Christians in the U.S. and elsewhere should pray for the security, safety and economic prosperity of migrants and their children, one aid worker said, and they should pray for their own understanding of God’s heart for foreigners.

“Prayer is really important, especially that the churches would understand God’s heart for the foreigner in their land,” the worker said. “The Old Testament is really specific about God blessing a land for their treatment of foreigners…. Along with this, the Bible talks about the expectations of the foreigners who have come to the land to embrace the laws and beliefs of the land.

“[Pray] for peace in the lands from which these people are coming,” the worker said. “Ultimately, peace can only come from a relationship with the Prince of Peace.”

In the U.S., pastor Raleigh Sadler has been working to recruit churches to stand against the human trafficking and labor trafficking that often victimize migrants. While the April 18 mass death in the Mediterranean may look like a failed smuggling operation, Sadler said it has some earmarks of slavery.

“It has been reported by The Wall Street Journal that many on the boat were kept in a state of deprivation, with some beaten by their smugglers. To make matters worse, as the boat capsized, many migrants were trapped behind locked doors,” Sadler said. “Though at first glance the situation looks as if it were simply a smuggling operation gone wrong, the locked doors and the deprivation tell a different story. As these men were forced into cramped living quarters, we see the makings of human trafficking. Though sex trafficking is more prevalent in the media, the United Nations asserts that of the at least 21 million in forced labor, 22 percent are in forced sexual exploitation while 70 percent are trafficked for labor.”

Two of the smugglers, a Tunisian captain and a Syrian crew member of the capsized boat, have been arrested, charged with favoring illegal immigration. In addition, the captain is charged with reckless multiple homicide. Only 27 of the more than 850 aboard the boat survived, and few bodies have been recovered.

Sadler, pastor of collegiate and justice ministries at the Gallery Church in New York, said Christians especially should be abolitionists and advocates of justice for mistreated foreigners.

God “executes justice for the fatherless and the widow, and loves the sojourner, giving him food and clothing,” Sadler said. “Each and every person on that boat had a name. Each was made in the same divine image as you or I. This passion for the vulnerable, especially the immigrant, is seen throughout the Scriptures as He calls His people to care for the widow, orphan and sojourner.”

Christians and migrants share the need for a Savior, Sadler said.

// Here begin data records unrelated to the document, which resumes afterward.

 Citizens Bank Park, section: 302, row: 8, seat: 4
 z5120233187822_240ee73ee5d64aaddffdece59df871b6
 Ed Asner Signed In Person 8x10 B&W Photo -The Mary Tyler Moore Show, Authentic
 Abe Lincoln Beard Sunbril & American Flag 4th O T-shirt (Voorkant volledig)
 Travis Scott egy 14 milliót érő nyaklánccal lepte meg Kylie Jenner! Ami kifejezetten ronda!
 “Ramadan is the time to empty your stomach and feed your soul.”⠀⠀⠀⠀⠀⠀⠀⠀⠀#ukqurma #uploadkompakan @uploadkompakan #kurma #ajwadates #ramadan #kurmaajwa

“This is a story that, believe it or not, is our story. Because of our vulnerability and sinful captivity, God became vulnerable to the point of death on the cross,” he said. “On that day, rescue came in the form of a vulnerable man dying a tragic death. May His vulnerability for us drive us to care for those who are vulnerable among us.”

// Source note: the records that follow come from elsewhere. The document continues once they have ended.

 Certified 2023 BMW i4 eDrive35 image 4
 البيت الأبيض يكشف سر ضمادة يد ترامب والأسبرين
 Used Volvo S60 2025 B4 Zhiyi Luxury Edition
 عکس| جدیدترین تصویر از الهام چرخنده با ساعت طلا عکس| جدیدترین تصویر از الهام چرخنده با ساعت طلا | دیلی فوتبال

Protestant churches are rare in Cyprus, but the migrant center there has received aid from the Christian community, aid workers said.

“Currently, we are mainly supported by U.S. churches,” one worker said. “For two years in a row we were given a grant through Lange’s Trust, a British trust. A few individuals and some churches in Great Britain have given us a one-time gift. This covered our rent. The local Protestant churches are very small in number, so they are unable to support us. However, the volunteers come from these churches and they support our fundraising events.”

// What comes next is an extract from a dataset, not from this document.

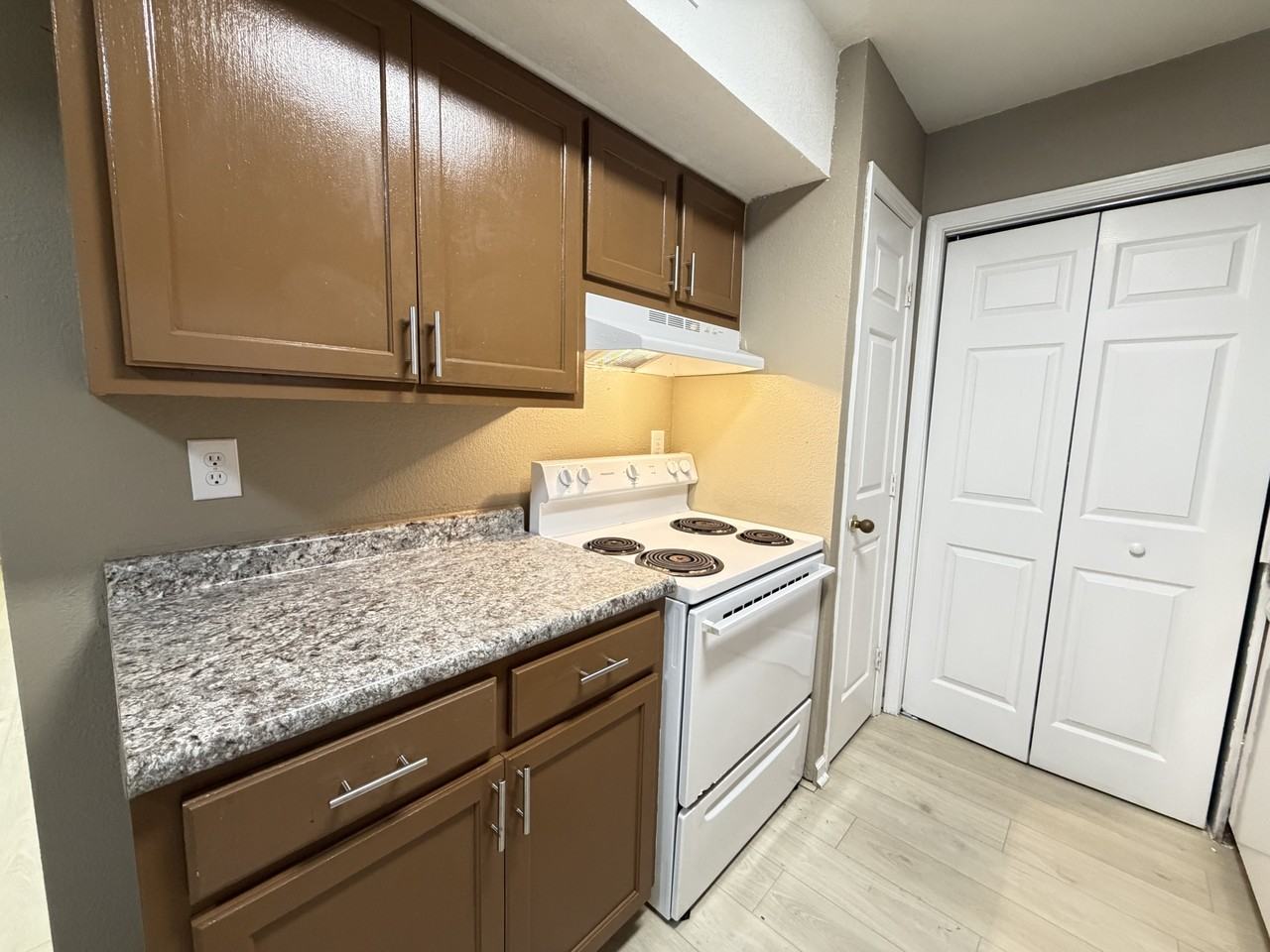 2150 N Sherwood Forest Dr #10B - Photo 3 of 10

Aid workers who serve at the center report blessings flowing both from and to them.

One worker who teaches English at the center said God used her service there to open her eyes to the plight of refugees.

“I didn’t know anything before this,” the worker said. “I desire to meet their needs and share God’s love to them. I have witnessed humility in the refugees and [therefore] I am becoming more humbled.”

Yet another aid worker has become more convinced of God’s sovereignty.

“He is in control even when it doesn’t look like it,” the worker said.